Neversink Farm in Claryville, New York
Conor Crickmore, the owner of Neversink Farm, runs a high production, small scale farm in New York. Conor's no till and no tractor methods of farming enable him to grow an astounding amount of product on less than 1.5 acres. He also combines his no till farming methods with incredibly efficient systems. Part of that efficiency is the use of the paper chain pot transplanter which he uses with herbs, lettuce and onions, year-round. Conor is also the creator of an extensive online market farm course where he shares his methods and systems. Learn more about his course at NeverSink Farm.

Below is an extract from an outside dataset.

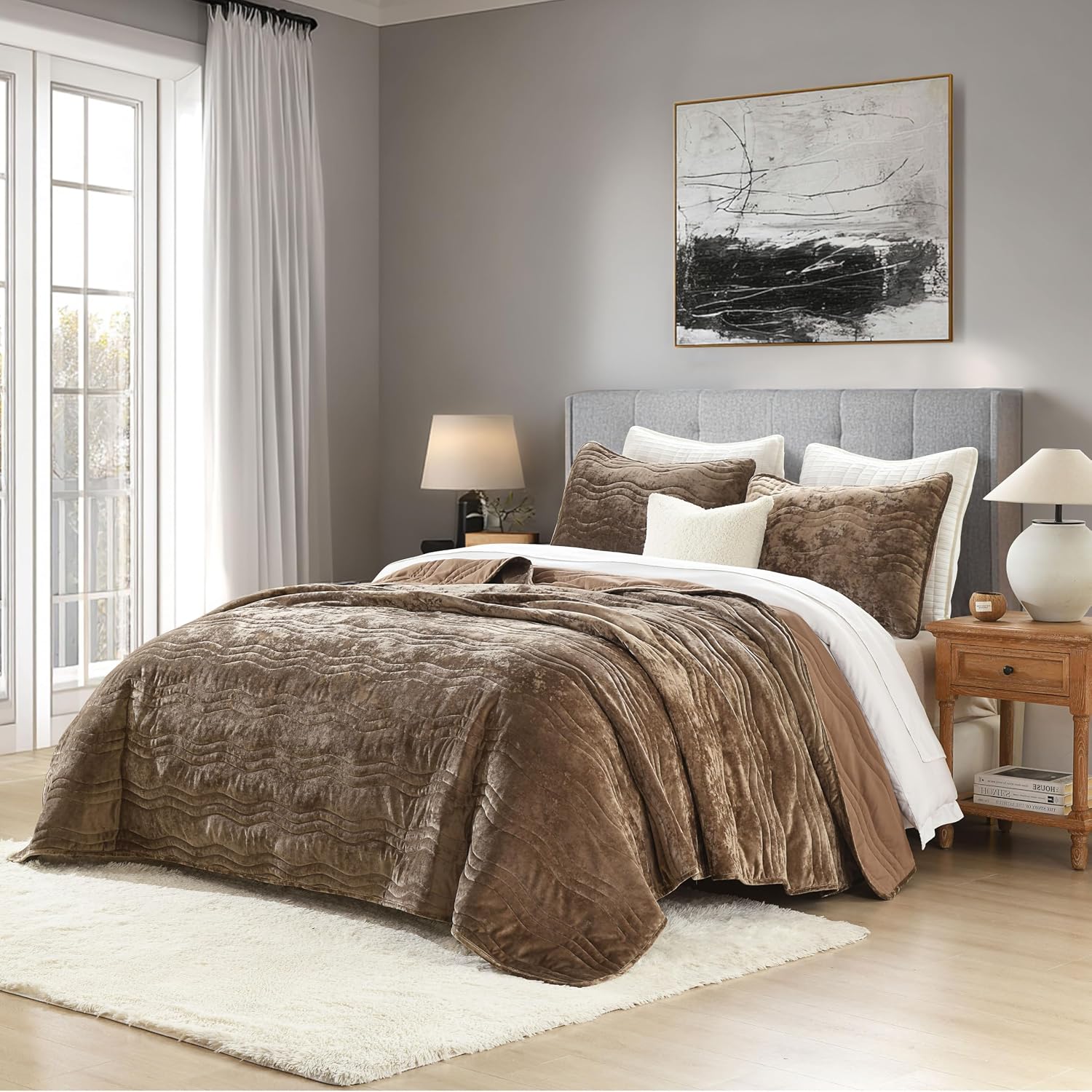 Velvet Quilt Set, Mocha Brown Velvet Quilt Queen Size Comforter Set, Luxury Bedding Soft Plush Bedspread, Machine Washable Coverlet, All-Season 3 Pieces - Image 3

Rachel Hershberger & Ben Hartman
Clay Bottom Farm in Goshen, Indiana
Ben Hartman and his wife Rachel Hershberger own and operate Clay Bottom Farm in Goshen, Indiana, where they make their living on less than one acre growing and selling specialty produce to restaurants, at a farmers market, and through their CSA. Their farm is the feature of Ben's books, The Lean Farm, winner of a the prestigious Shingo Award, and The Lean Farm Guide to Growing Vegetables, published in 2017. Since 2015 they switch their growing systems to use the paper chain pot transplanter on nearly all of their crops. Their favorite crops to grow in paper pots are hakurei turnips and multi-leaf head lettuce. The paper chain pot transplanting system reduced their work by eight hours per week during transplant season. A link to “Ben’s paper pot cheat sheet” is here. This guide offers tips on using the paper pots and a crop-by-crop planting guide table.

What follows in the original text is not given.